Las frecuentes inundaciones, las hambrunas y pestes que padecía la ciudad de México, así como la (poca) política, pasan a segundo plano ante tanta barbaridad aplicada en nombre de Dios. El súper poder de la iglesia católica aplicado con tanta rabia a la jovencita que un día hizo quedar mal a los cuarenta sabios del virreinato, a una mujer que había huido del yugo masculino y se había refugiado en mentidas vicarías divinas, a una pensadora que, en sus poemas (Hombres necios que acusáis a la mujer sin razón, sin ver que sois la ocasión de los mismo que juzgáis…), obras teatrales y respuestas directas, ponía en jaque la interpretación masculina del mundo en que reinaban, donde acusaban, juzgaban y quemaban vivas a las personas. “Núñez aportó el estilete y Aguiar lo hundió y lo removió en la espalda de Sor Juana”. “Seres mezquinos, ruines y miserables como… otros de su calaña –los califica la condesa, mandándolos al pozo común de la historia y del propio infierno– jamás podrán opacar su santa gloria ni silenciarla para siempre ni esconder sus lúcidas razones ni destruir sus poderosos argumentos. Nadie se acordará de ellos, mientras Sor Juana será en academias y universidades a las que la sevicia, la crueldad y la sinrazón le impidieron ingresar”.
Llegó una peste y, aunque le habían recomendado que no se acercara a las enfermas, Sor Juana las atendió hasta que cerraban los ojos y se las encomendaba al Señor. No dormía, se pasaba la noche reclinada “con las manos cruzadas por varios rosarios.

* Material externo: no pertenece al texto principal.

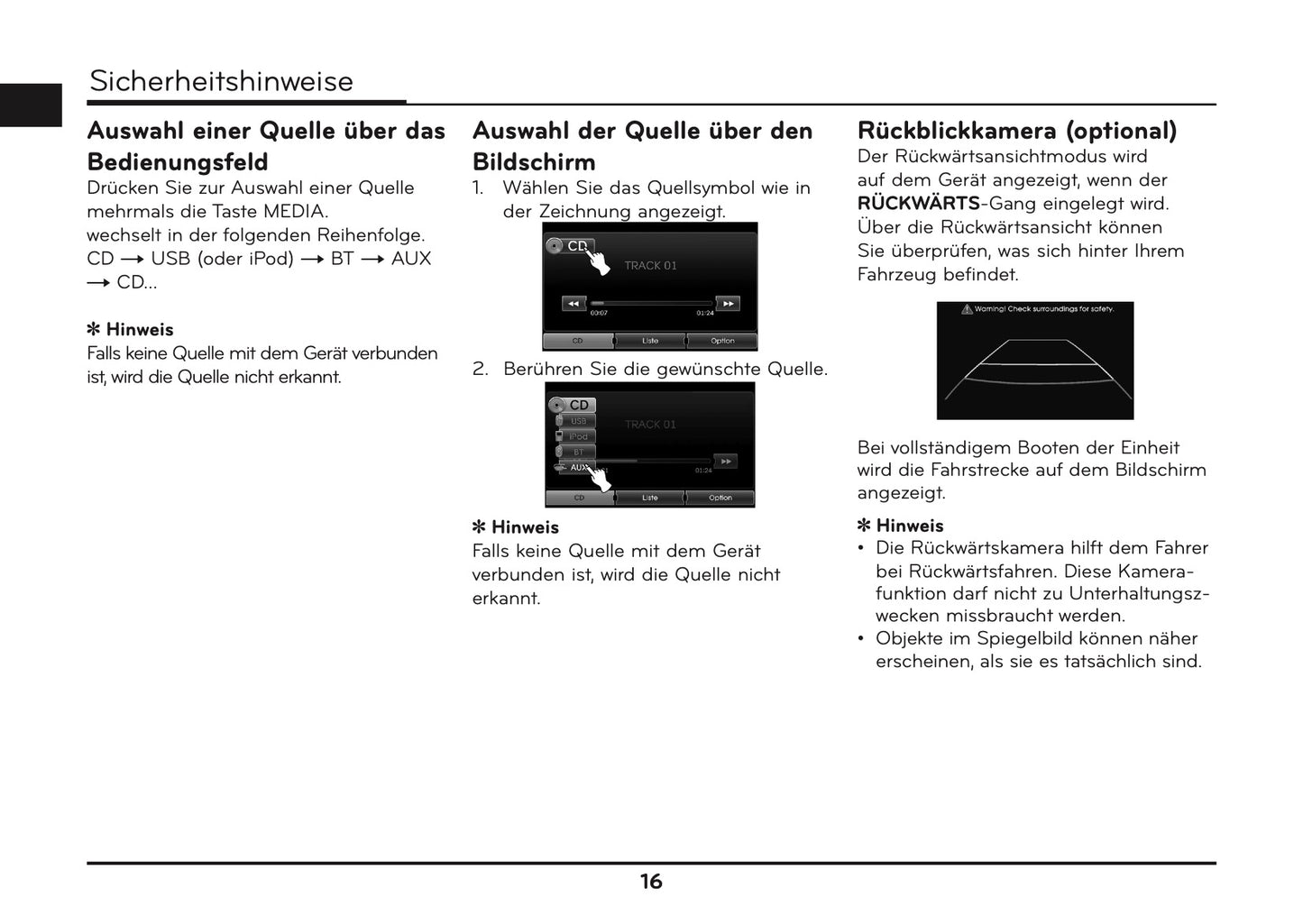 Kia Ceed Navigationssystem Bedienungsanleitung 2012 - 2015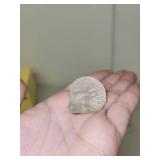 Collection of 4 Animal Figurines: Swarovski Crystal Hedgehog, Glass Bird, Pearlite Quail, and Frosted Hedgehog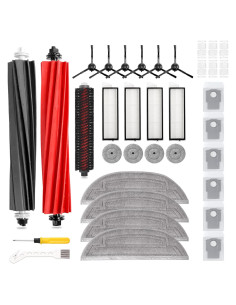 Kit de Accesorios SIRYELEC para Aspiradora Roborock S8 MaxV Ultra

Todo parecía indicar que deseaba contaminarse y morir, sí, morir, y llegar a los pies del Señor para pasar a Su lado la eternidad”.
Sor Juana murió a las tres de la noche del 17 de abril de 1697. Para cerrar el círculo, el insaciable Aguiar y Seixas envió a un propio a cantarle el réquiem y a despedirla, por fin, de este mundo.

Epílogo

El primer libro de Sor Juana que su fiel amiga María Luisa publicó en España fue Inundación Castálida. Castálida significa “raudal de la fuente de Castalia, en aquel rincón de Delfos cuyas aguas inspiradoras de poesía… Su nombre se debe a una virgen, Castalia, ninfa que, huyendo de Apolo, prefirió ahogarse en la fuente que entregarse al dios… Éste, adolorido y arrepentido, concedió el don poético –y profético– a sus aguas, en las cuales se purificaban la Sibila y los peregrinos”…
Asegura María Luisa que cuando se atrevió a llamar a Sor Juana la Décima Musa en la portada de Inundación Castálida no olvidó “que lo de Décima Musa había sido aplicado por Platón a Safo y en México era identificada con el mismo sobrenombre nada menos que la propia Virgen María. ¿Qué más daba? ¿Sor Juana no era una virgen que superaba cualquier dimensión o figura humana?”.